I sang for my father

Sorry folks.  The title of my blog today is an obvious rip-off, playing on the name of the famous stage play and feature film (1970) by Robert Anderson, “I Never Sang for My Father.”  I confess I missed the film in the 70s (too many other things going on in my 20s…) but saw it recently with my wife in an off-Broadway production.  If you missed it too, I’ll describe it briefly.  The play hits home for many who struggle through a final season of life with an aging parent.  Walls of resentment, bitterness and regret block a college professor’s (Gene Hackman) final attempt to reach his father (Melvyn Douglas) who cannot come to terms with the way his children have lived their lives.  Depressing, huh?  And what does this have to do with a blog on BibleSettings?  Well, read on.
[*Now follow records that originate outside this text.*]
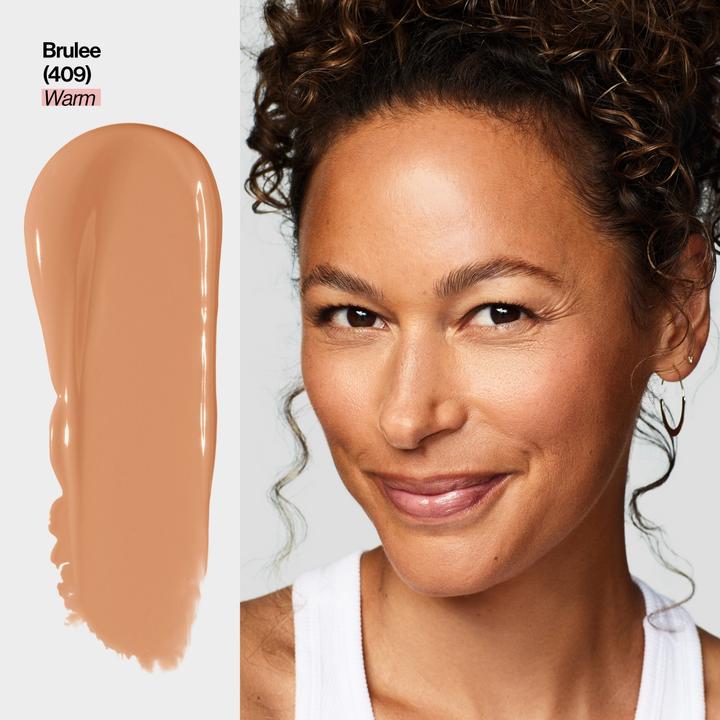 Actual product image Revlon Illuminance Serum Tint 409 Brulee (409 Brulee)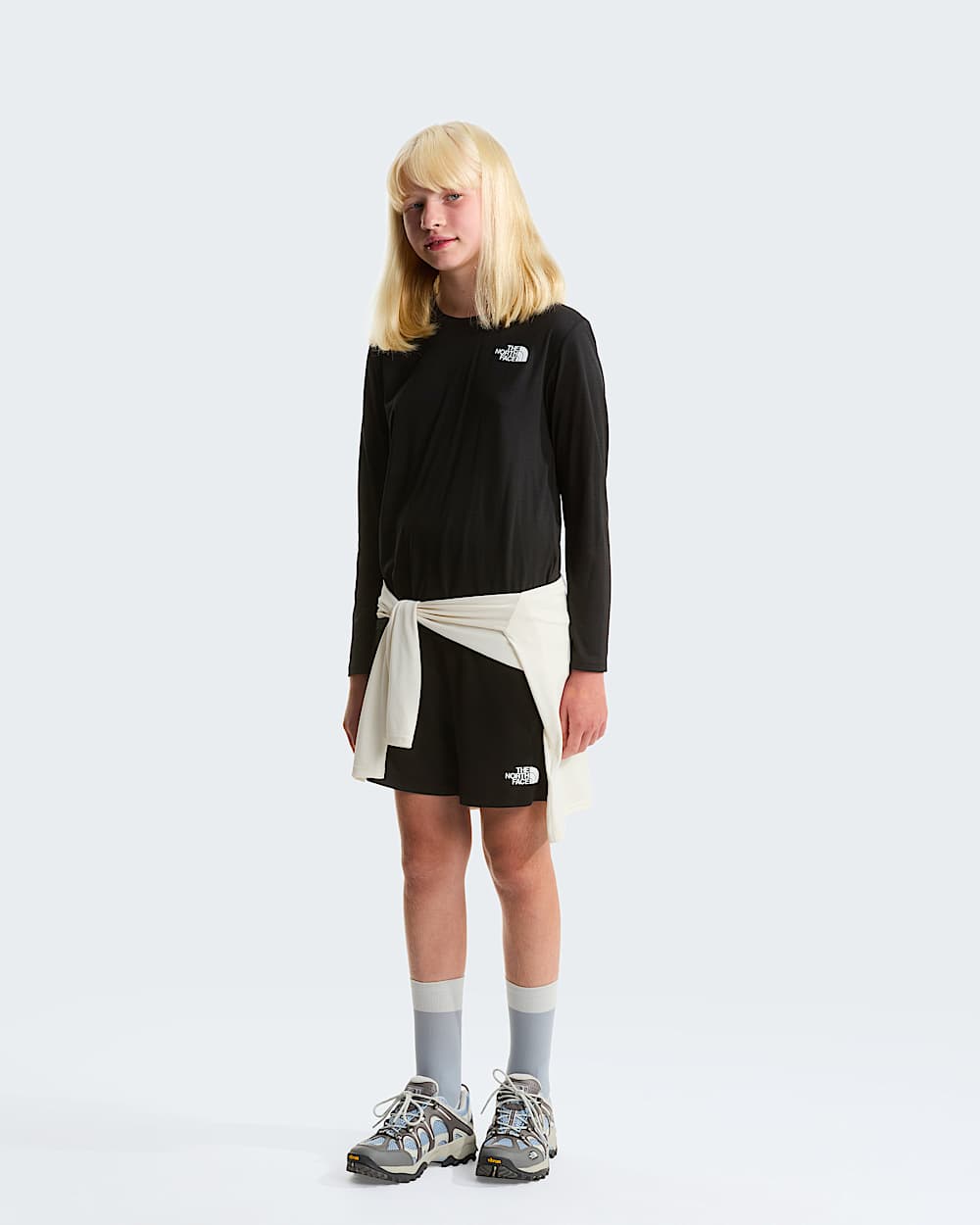 Teens 247 LongSleeve TShirt TNF ALT7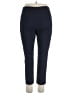 Ellen Tracy Solid Blue Casual Pants Size 14 - photo 2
Just this Friday past, I had the wonderful privilege of sitting with my father through the final moments of his life.  As my brother and I watched him reach for his last breaths, we held tight to him and to each other, thanking God for the influence of this remarkable man upon his sons.  Yeah and, by the way, I did sing for my father.  I used to sing a lot in an earlier life.  And though the talent was marginal, dad always delighted in whatever I produced.  A pastor, he frequently took me along for funerals, weddings and special services to provide music.  What in fact he was trying to do was to give opportunity for me “to use what God had given me for His glory.”  Things like this were important to dad.  “God gives us things, and He expects a good return on his investment,” he’d say.  So I sang for my father.  And then in 1992, Dad joined me in Israel on one of my trips.  It was the first time he’d been out of the country since his service tour in Europe during World War II.  Dad, a “homebody,” took a chance that this pilgrimage to Israel guided by his eldest son would yield something for him.  What pleasure it gave me to watch dad delight in the sites and sounds of Israel!  He struggled a bit to keep up with the physical side of things, but spiritually and biblically, the trip opened up new vistas of understanding for this man who loved the word of God.  And then some months later to hear mom describe the changes in dad’s preaching and appreciation of the Bible as a result of that trip?  For me, that was heaven.  It was like singing for my father all over again.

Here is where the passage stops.